Eric McClellan (born April 6, 1993) is an American professional basketball player who last played for Kapfenberg Bulls. A 6 foot 4 inch (1.93 meter) shooting guard, McClellan played college basketball for Tulsa, Vanderbilt and Gonzaga. McClellan entered the 2016 NBA draft but was not selected in the draft's two rounds.

==High school career==
McClellan played high school basketball at Stephen F. Austin. As a junior at Stephen F. Austin, he led his team to a 29-4 record and the District 15-5A championship his senior season, where he averaged 18.9 points, 6.4 rebounds and 4.8 assists per game.

==College career==
McClellan chose Tulsa to start his college career. As a freshman, he averaged 8.5 points and 2.5 rebounds in 21.3 minutes per game. After one year at Tulsa, he transferred to Vanderbilt, where he became the starting guard of the team during the 2013-14 season. As a sophomore at Vanderbilt, he averaged 14.2 points and 4.4 rebounds per game, and led the team in scoring. On January 10, 2014, McClellan was suspended for the rest of the season after violating academic policy and was dismissed from Vanderbilt.

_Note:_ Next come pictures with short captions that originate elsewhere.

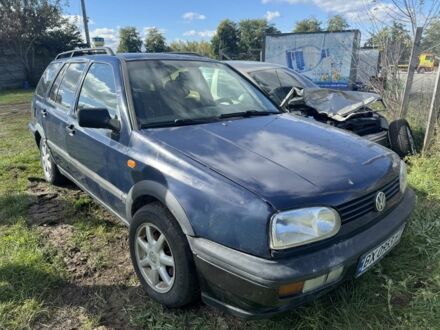 Синий Фольксваген Гольф, объемом двигателя 1.9 л и пробегом 356 тыс. км за 1850 $, фото 1 на Automoto.ua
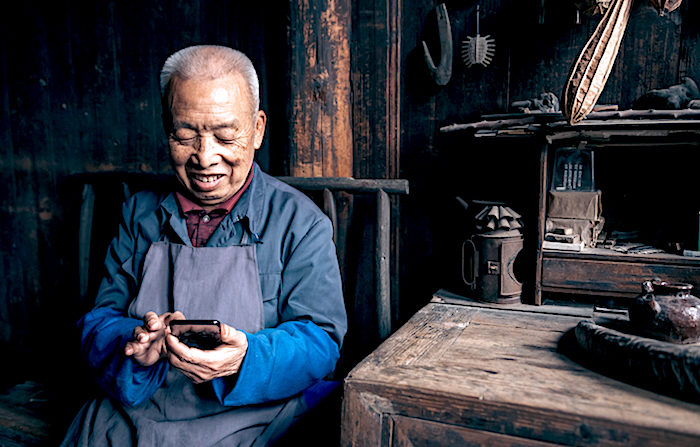 Click to enlarge Chinese guy phone
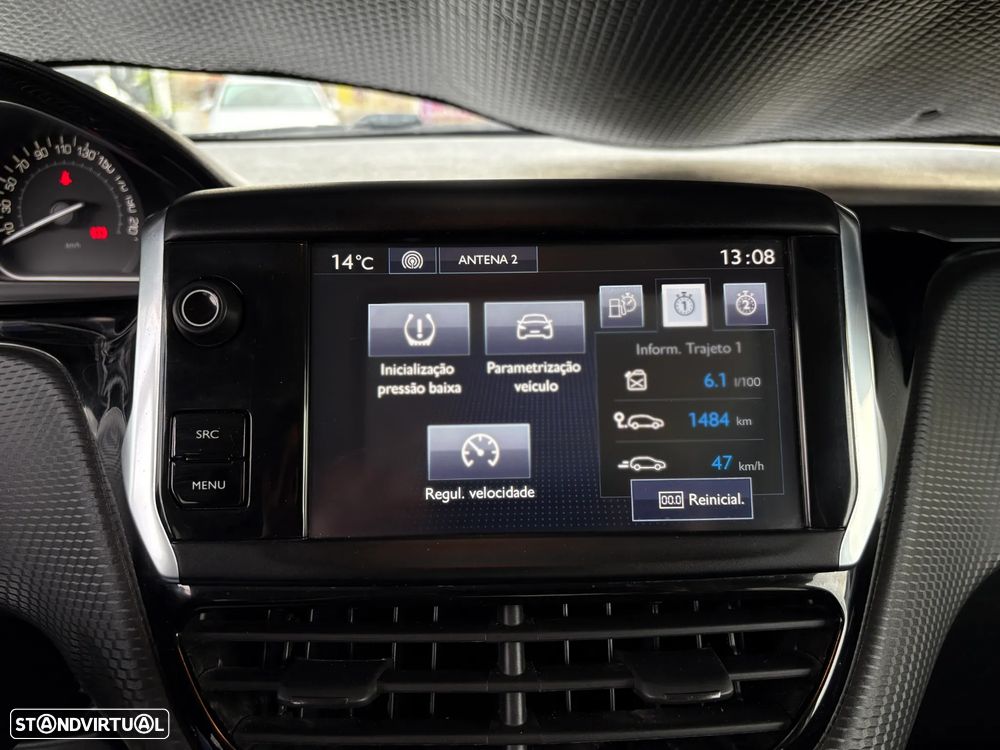 Peugeot 208 1.2 VTi SE Style - 15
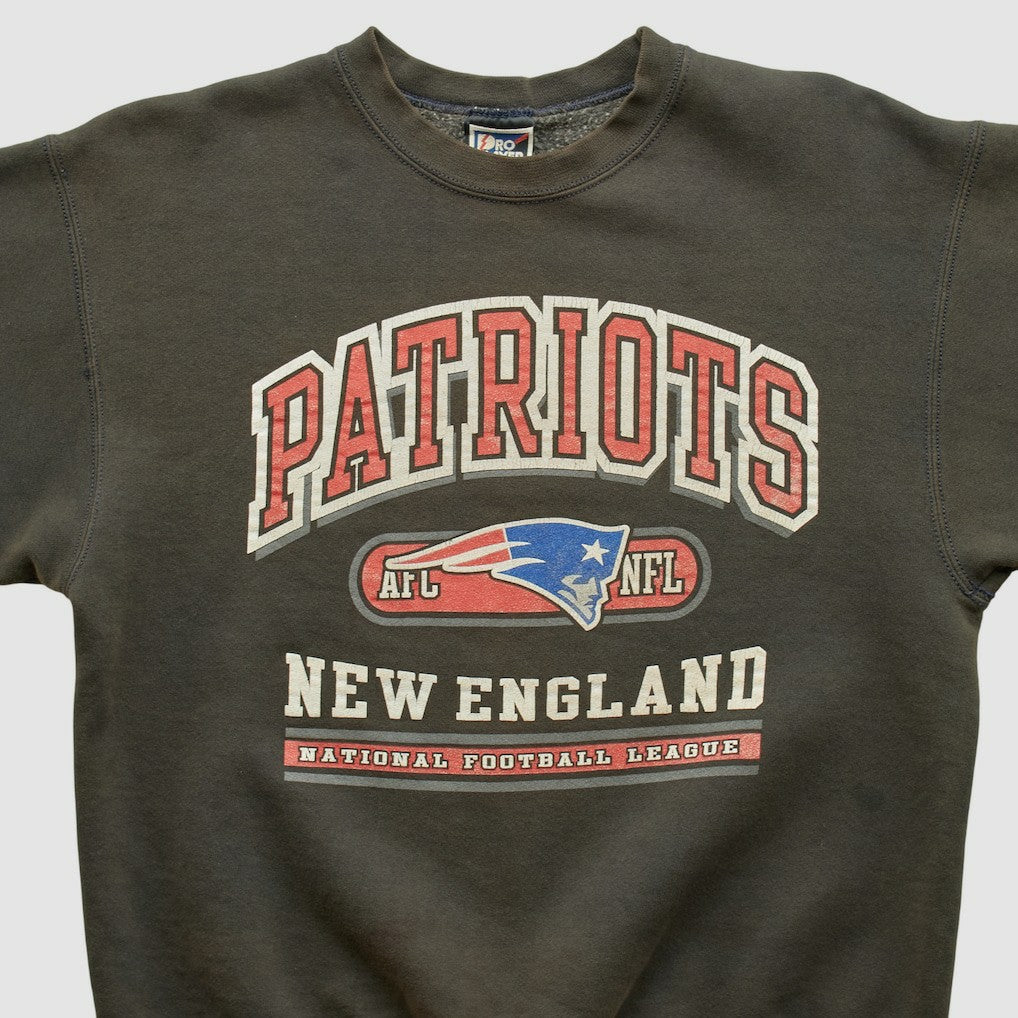 New England Patriots Pro Player 90s Pullover Sweatshirt Charcoal Vintage - Fanatics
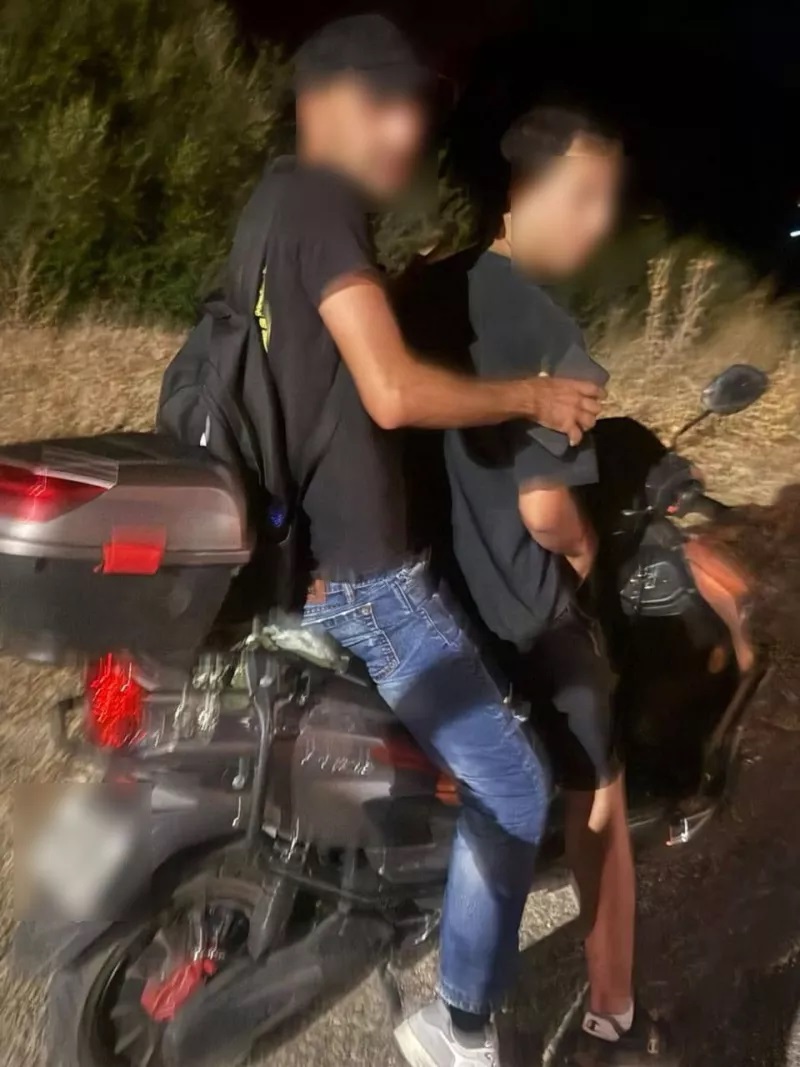 Φωτιά στα Συχαινά - Οι πρώτες εικόνες των 2 συλληφθέντων στο σημείο του εμπρησμού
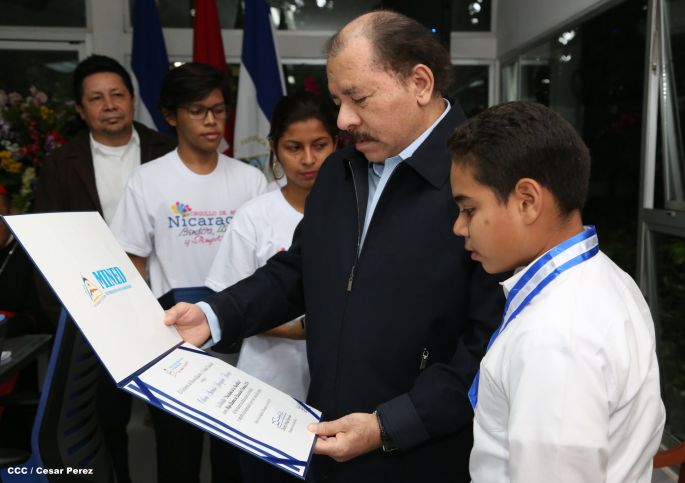 Daniel y Rosario reconocen a estudiantes y maestros destacados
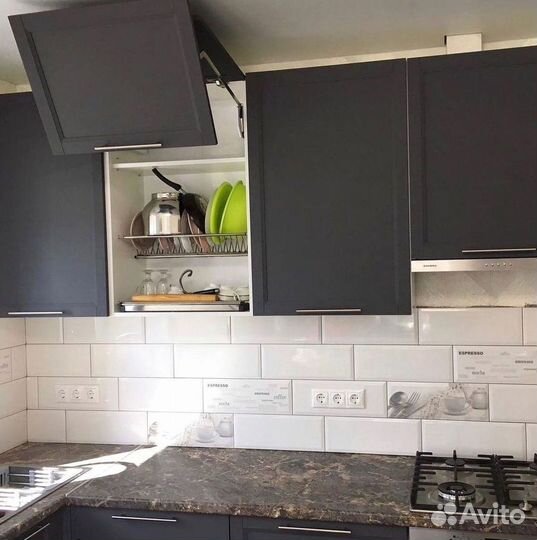 Кухонный гарнитур в наличии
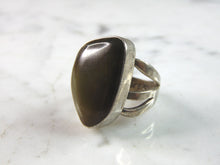 Load image into Gallery viewer, Womens Vintage Estate Sterling Silver Ancient Echos Ring 10.7g E6027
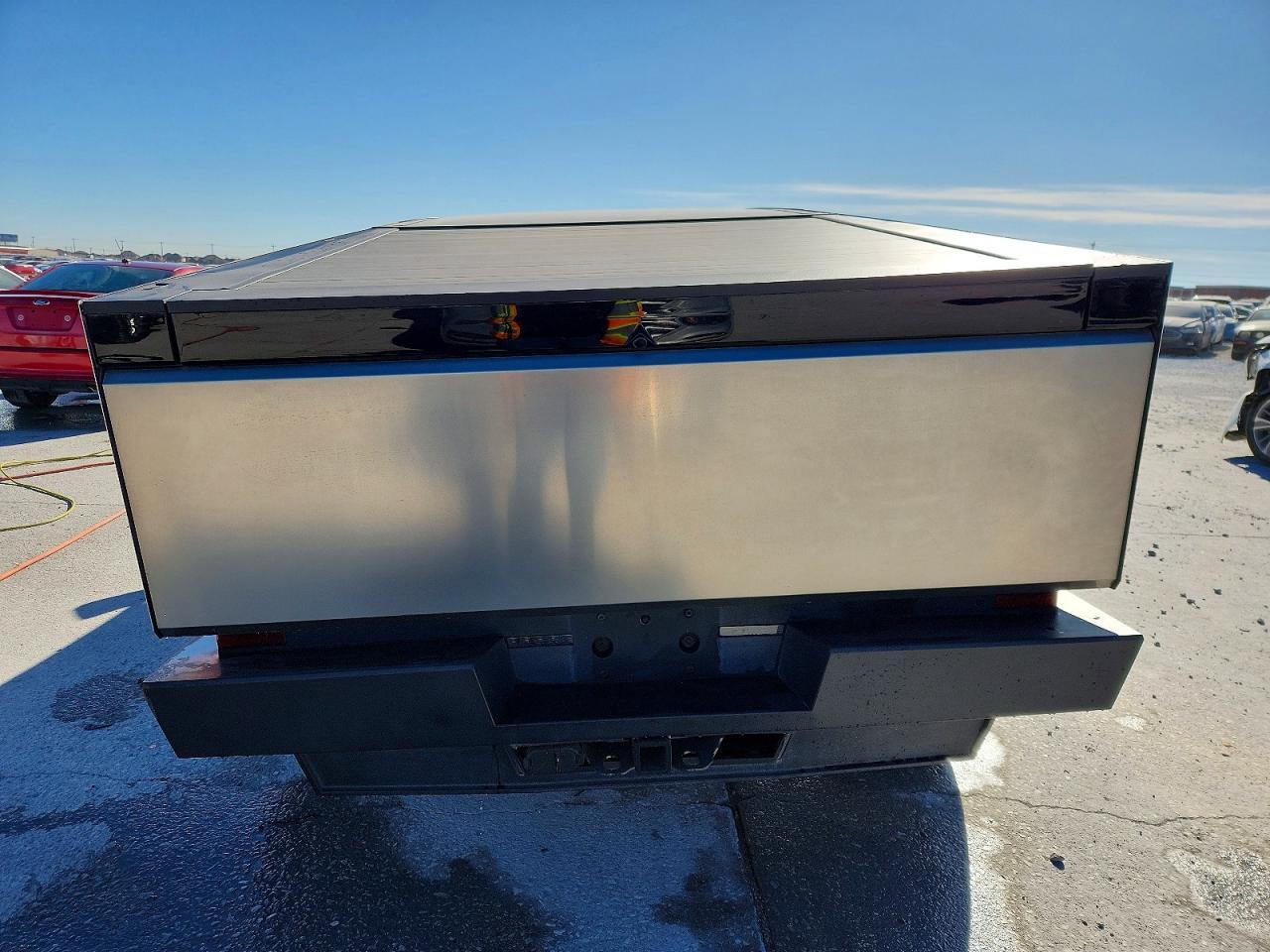 2024 Tesla Cybertruck - Image 6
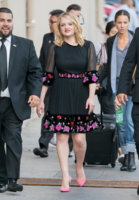 Elisabeth+Moss+at+Kimmel+i0NsmlTNPMyx.jpg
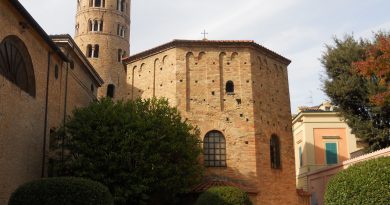 Baptisterio Neoniano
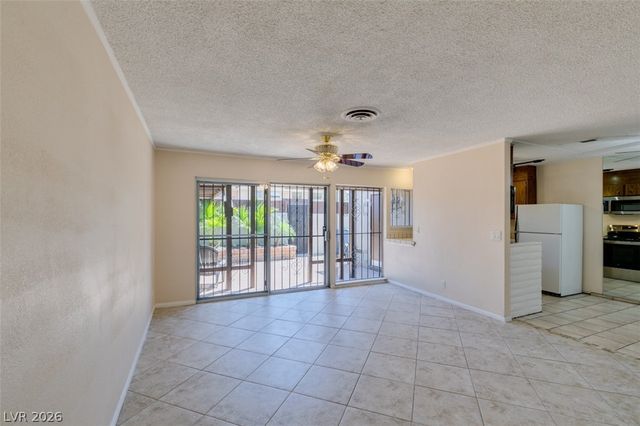 2458 Paradise Village Way, Las Vegas, NV 89120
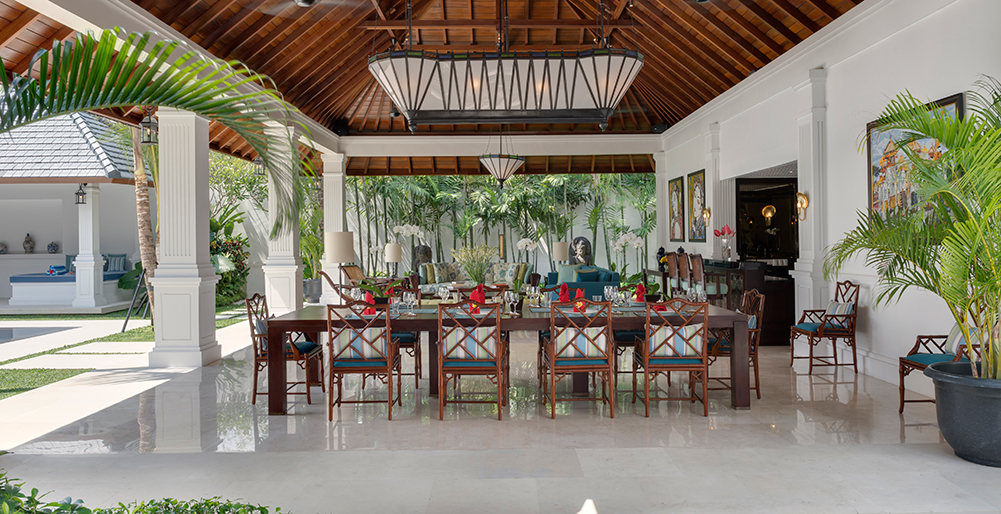 Villa Windu Asri - Dining table in grand living pavilion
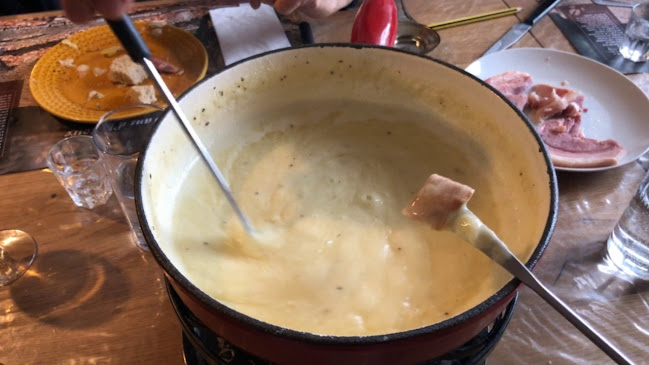 Opinii despre du Maillard în La Chaux-de-Fonds - Gastronomie und Hotellerie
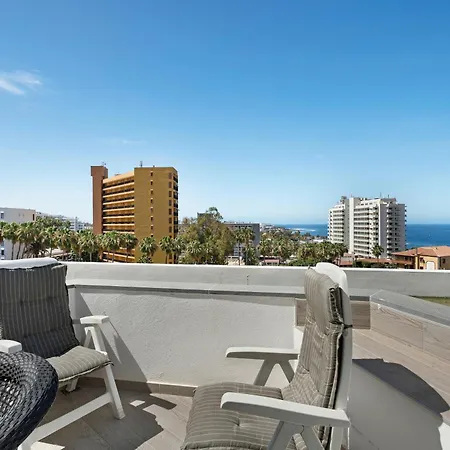 Flores 407 Apartment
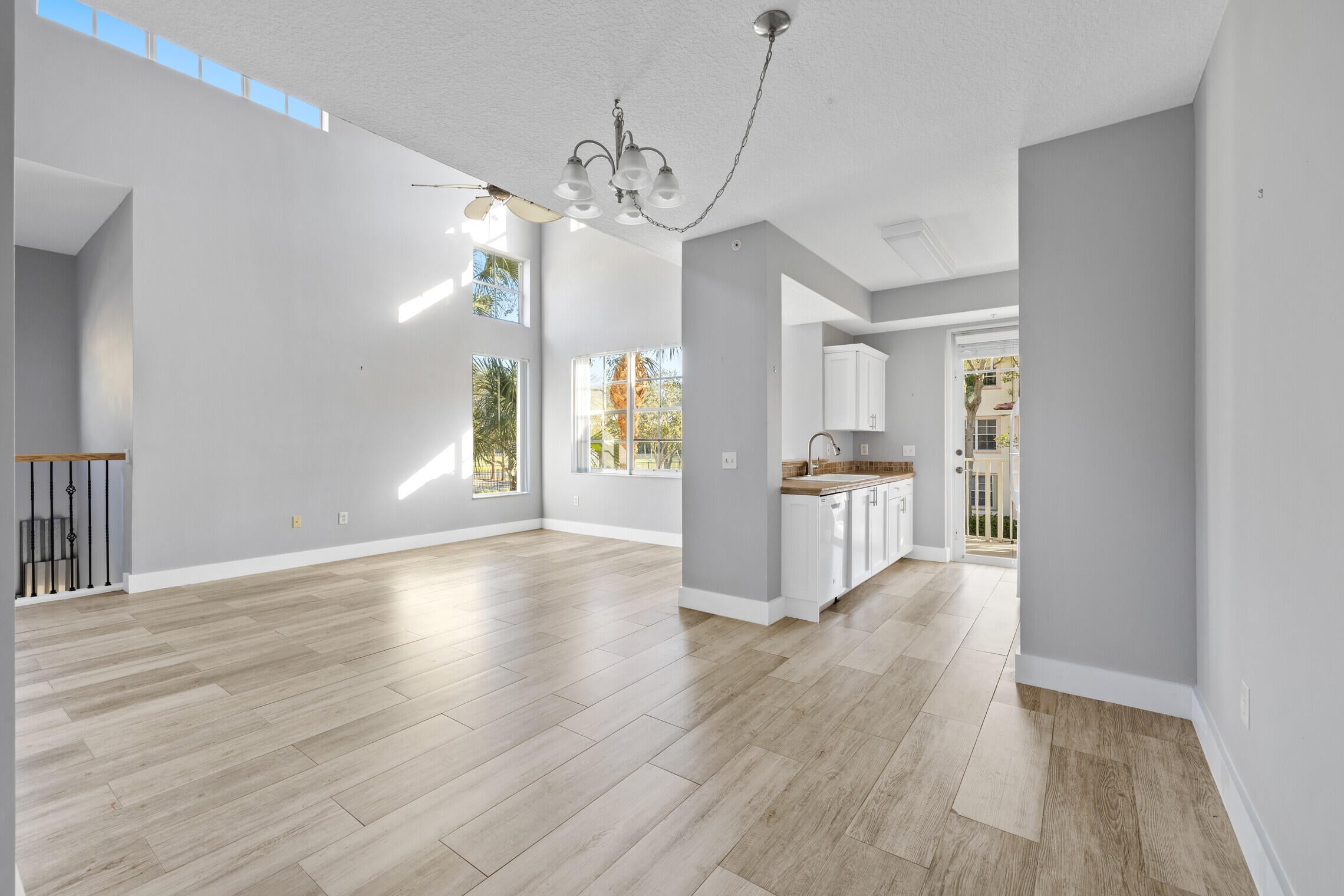 1116 University Boulevard 21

The next season, he transferred to Gonzaga, where as a junior, he was a role player for Mark Few. As a senior, he gained more playing time after the departure of Kevin Pangos from the team. At the end of the season, he averaged 10.7 points, 2 assists and 3.2 rebounds in 26.9 minutes per game.

==Professional career==
After going undrafted in the 2016 NBA draft, McClellan joined Limburg United of the Belgian League. After averaging 14.2 points and 3 rebounds per game in 5 league games, he left Limburg and joined Tigers Tübingen of the Basketball Bundesliga. On February 21, 2017, he left Tigers Tübingen and joined Koroivos Amaliadas of the Greek Basket League, replacing D'Vauntes Smith-Rivera on the team's squad.

On November 19, 2020, he joined Kapfenberg Bulls of the Austrian Basketball Bundesliga. With Bulls, he managed to win the Austrian League in 2019 and the Austrian Cup twice, in 2019 and 2020. On November 30, 2020, he terminated his contract with the club.